0141. Linked List Cycle (E)
Linked List Cycle (E)
题目
Given a linked list, determine if it has a cycle in it.
To represent a cycle in the given linked list, we use an integer pos which represents the position (0-indexed) in the linked list where tail connects to. If pos is -1, then there is no cycle in the linked list.
Example 1:
Input: head = [3,2,0,-4], pos = 1
Output: true
Explanation: There is a cycle in the linked list, where tail connects to the second node.
Example 2:
Input: head = [1,2], pos = 0
Output: true
Explanation: There is a cycle in the linked list, where tail connects to the first node.
Example 3:
Input: head = [1], pos = -1
Output: false
Explanation: There is no cycle in the linked list.
Follow up:
Can you solve it using O(1) (i.e. constant) memory?
题意
判断给定链表中是否存在环。
思路
比较简单的就是将所有遍历到的结点记录下来,如果记录了两次则说明存在环。
\(O(1)\)空间的方法是使用快慢指针,慢指针每次走一步,快指针每次走两步,如果快指针追上慢指针则说明存在环。
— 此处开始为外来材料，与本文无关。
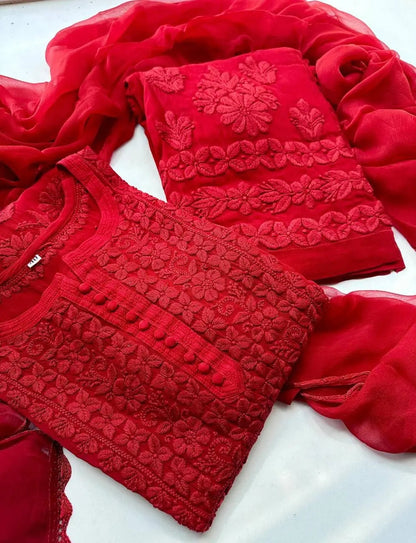 Georgette Chikankari Kurti Palazzo Dupatta Set (Ready to Wear)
实际上可以看做一个相遇问题,如果快慢指针都在一个环中,且快指针距离慢指针还有n个结点的距离,那么经过n个回合后快指针必定与慢指针重合。
代码实现
Java
Hash
public class Solution {
public boolean hasCycle(ListNode head) {
if (head == null) {
return false;
}
Set<ListNode> set = new HashSet<>();
while (head != null) {
if (!set.add(head)) {
return true;
}
head = head.next;
}
return false;
}
}
快慢指针
public class Solution {
public boolean hasCycle(ListNode head) {
if (head == null) {
return false;
}
ListNode slow = head, fast = head;
while (fast.next != null && fast.next.next != null) {
slow = slow.next;
fast = fast.next.next;
if (fast == slow) {
return true;
}
}
return false;
}
}
JavaScript
/**
* @param {ListNode} head
* @return {boolean}
*/
var hasCycle = function (head) {
const nodes = new Set()
while (head) {
if (nodes.has(head)) {
return true
}
nodes.add(head)
head = head.next
}
return false
}